5.Il primo appello è infondato laddove denuncia l'omessa valutazione dell'annullamento di diritto in seguito al meccanismo di cui agli artt. 537-543 della L. n. 228/2012. Secondo l'art. 1 comma 538 è previsto che “Ai fini di quanto stabilito al comma 537, entro novanta giorni dalla notifica, da parte del concessionario per la riscossione, del primo atto di riscossione utile o di un atto della procedura cautelare o esecutiva eventualmente intrapresa dal concessionario il contribuente presenta al concessionario per la riscossione una dichiarazione anche con modalità telematiche, con la quale venga documentato che gli atti emessi dall'ente creditore prima della formazione del ruolo, ovvero la successiva cartella di pagamento o l'avviso per i quali si procede, sono stati interessati: a) da prescrizione o decadenza del diritto di credito sotteso, intervenuta in data antecedente a quella in cui il ruolo è reso esecutivo;
b) da un provvedimento di sgravio emesso dall'ente creditore;
c) da una sospensione amministrativa comunque concessa dall'ente creditore;
d) da una sospensione giudiziale, oppure da una sentenza che abbia annullato in tutto o in parte la pretesa dell'ente creditore, emesse in un giudizio al quale il concessionario per la riscossione non ha preso parte;
e) da un pagamento effettuato, riconducibile al ruolo in oggetto, in data antecedente alla formazione del ruolo stesso, in favore dell'ente creditore;
f) da qualsiasi altra causa di non esigibilità del credito sotteso”. Per quanto la formulazione della norma si contenga un'elencazione casistica che si chiude con una clausola generale (quella relativa alla causa di non esigibilità del credito sotteso) l'effetto di annullamento di diritto delle partite
- così come la loro eliminazione dai ruoli affidati all'agente della riscossione ex art. 1, comma 540, legge n. 228 del 2012 (quale conseguenza del mancato riscontro dell'ente creditore all'istanza del contribuente) - è legato alle ipotesi espressamente tipizzate nell'art. 1, comma 538, legge n. 228 del 2012 e non a ogni e qualsivoglia istanza presentata dal contribuente.

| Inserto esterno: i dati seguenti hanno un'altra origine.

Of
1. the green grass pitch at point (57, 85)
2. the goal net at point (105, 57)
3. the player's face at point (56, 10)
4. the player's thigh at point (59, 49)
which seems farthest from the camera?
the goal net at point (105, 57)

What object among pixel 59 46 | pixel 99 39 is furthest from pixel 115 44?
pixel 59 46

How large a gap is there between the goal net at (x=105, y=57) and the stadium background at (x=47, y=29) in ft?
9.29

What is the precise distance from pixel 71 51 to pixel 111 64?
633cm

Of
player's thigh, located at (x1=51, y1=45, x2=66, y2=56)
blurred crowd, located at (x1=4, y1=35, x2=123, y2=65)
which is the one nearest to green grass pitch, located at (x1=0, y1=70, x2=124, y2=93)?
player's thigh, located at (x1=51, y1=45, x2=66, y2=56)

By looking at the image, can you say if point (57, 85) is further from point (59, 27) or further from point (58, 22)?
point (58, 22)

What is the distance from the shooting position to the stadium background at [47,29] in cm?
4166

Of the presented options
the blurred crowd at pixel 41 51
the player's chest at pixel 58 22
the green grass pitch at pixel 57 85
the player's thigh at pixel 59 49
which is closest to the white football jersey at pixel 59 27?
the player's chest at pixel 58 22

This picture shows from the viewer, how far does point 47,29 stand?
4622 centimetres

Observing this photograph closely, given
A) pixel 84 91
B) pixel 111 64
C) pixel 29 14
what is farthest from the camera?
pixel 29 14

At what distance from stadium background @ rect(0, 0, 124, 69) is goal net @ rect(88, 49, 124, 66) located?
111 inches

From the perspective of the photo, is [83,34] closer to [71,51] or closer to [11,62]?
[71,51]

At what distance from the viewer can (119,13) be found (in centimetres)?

Nel caso di specie, la lettura della istanza ex art. L. n. 228/2012, inviata in data 7.03.2015, contiene la sola denuncia dell'omessa notifica del verbale di accertamento della violazione, l'omessa notifica della cartella e del preavviso di fermo. Non facendosi questione sulla regolare notifica delle cartelle di pagamento, va ricordato che l'orientamento della Suprema Corte è nel senso che
“l'opposizione alla cartella di pagamento, emessa ai fini della riscossione di una sanzione amministrativa pecuniaria, comminata per violazione del codice della strada, ove la parte deduca che essa costituisce il primo atto con il quale è venuta a conoscenza della sanzione irrogata, in ragione della nullità o dell'omissione della notificazione del processo verbale di accertamento della violazione, deve essere proposta ai sensi dell'art. 7 del d.lgs. n. 150 del 2011, e non nelle forme dell'opposizione all'esecuzione ex art. 615 c.p.c., e, pertanto, entro trenta giorni dalla notificazione della cartella” (cfr Cassazione civile sez. III, 25/05/2021, n.14266; Cassazione civile sez. III, 11/07/2024, (ud. 19/06/2024, dep. 11/07/2024), n.19132; Cass. civ., Sez. III, Ord., (data ud. 09/10/2024) 20/11/2024, n. 29884). Pertanto, le contestazioni relative a profili afferenti la notifica del verbale di accertamento erano da impugnare al più tardi entro il termine di 30 giorni dalla notifica della cartella. Ne consegue, quindi, che la mera deduzione della carenza della notifica del verbale di accertamento -in sede di istanza ex L. n. 228/2012, quando era ormai avvenuta da tempo (in data 8.08.2012) la regolare notifica della cartella di pagamento- non rientrava nei casi tipici della norma e nemmeno nella clausola generale di “altra causa di non esigibilità del credito”, con l'ulteriore conseguenza che non poteva operare il meccanismo del silenzio assenso previsto dalla norma per l'annullamento e il discarico delle pretese. E', invece, fondato il motivo di appello laddove contesta l'omessa considerazione che proprio l' con la comparsa Controparte_1 di costituzione nel primo gra ll'annullamento del credito, tuttavia, per effetto dell'art. 4 del DL n. 41/2021. Dall'annullamento del credito deriva la caducazione anche del fermo amministrativo iscritto sul veicolo dell'attore, benché sulla scorta di altro presupposto normativo (ossia art. 4 DL n. 41/2021) rispetto a quello invocato con la citazione e fondato nelle disposizioni di cui alla L. n. 228/2012.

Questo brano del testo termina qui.